Tragedia Jamiego Olivera i jego żony – smutek po 20 latach małżeństwa, „stracili 5 gwiazdek na niebie”

Życie jest dziwne.

Przynosi ze sobą szczęście, ale także smutek. Dzieją się w nim rzeczy, dzięki którym stajemy się silniejsi, ale także takie, które pozostawiają w nas głębokie rany.

Słynny szef kuchni, Jamie Oliver, wspomina 20 lat małżeństwa ze swoją wielką miłością, żoną Jools.

W tym czasie urodziło im się pięcioro dzieci, ale doświadczyli też tragedii.

Wszyscy marzymy o znalezieniu miłości, która przetrwa do końca życia.

Znalezienie tzw. drugiej połówki jabłka może się zdarzyć na wczesnym lub późnym etapie życia. Jednak bez względu na to, kiedy to się stanie poczujemy ogrom szczęścia.

Przy odpowiedniej osobie można czuć się spełnionym.

Zasłynął w programie „Nagi szef kuchni”

Na przełomie lat 90-tych i 2000 Jamie Oliver zasłynął na całym świecie.

Zaczęto go nazywać „Nagim szefem kuchni”, a jego pokazy kulinarne stały się bardzo znane, nie tylko w Anglii, ale w wielu częściach świata.

Od tego czasu wydał kilka książek i posiada liczne restauracje cieszące się dobrą opinią.

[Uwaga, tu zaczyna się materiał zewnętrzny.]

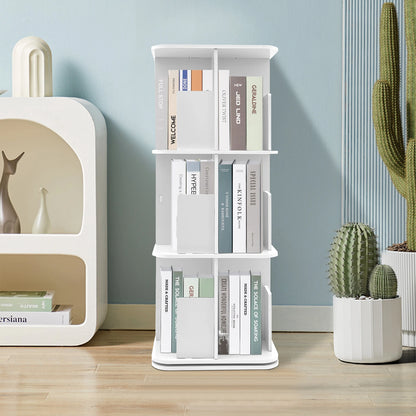 3 Tier Bookcase, 360° Rotating Bookshelf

Jednak nie tylko jego kariera zawodowa potoczyła się pomyślnie.

Miłość do żony

Od prawie 30 lat Jamie ma przy sobie ukochaną żonę.

Jamie powiedział, że ważne dla niego jest to, że poznali się zanim stał się sławny.

„Osobiście uwielbiam być świadkiem tego jak moja żona z roku na rok się zmienia. Podoba mi się moja podróż przez życie z Jools, to jest wspaniałe” – powiedział Jamie.

– Myślę, że teraz kocham ją jeszcze bardziej niż wcześniej.

Świętują 20 lat małżeństwa

Pobrali się w 2000 roku, a ceremonii ślubnej towarzyszyły wielkie emocje. W tym roku świętują więc 20 lat małżeństwa.

W emocjonalnym poście na Instagramie żona napisała o życiu z Jamie, o tym, jak bardzo jest wdzięczna za to, co razem zbudowali.

„20 fantastycznych, zabawnych i cudownych lat jestem żoną mojego najlepszego przyjaciela. Planowaliśmy odnowić nasze śluby tego lata, ale to może poczekać! 20 lat małżeństwa, ale to już 27 lat z moją pierwszą, wielką miłością” – napisała.

Jools mówiła wcześniej, że chce odnowić śluby z Jamiem, jednak tym razem będzie to zupełnie inna ceremonia niż ślub, który mieli.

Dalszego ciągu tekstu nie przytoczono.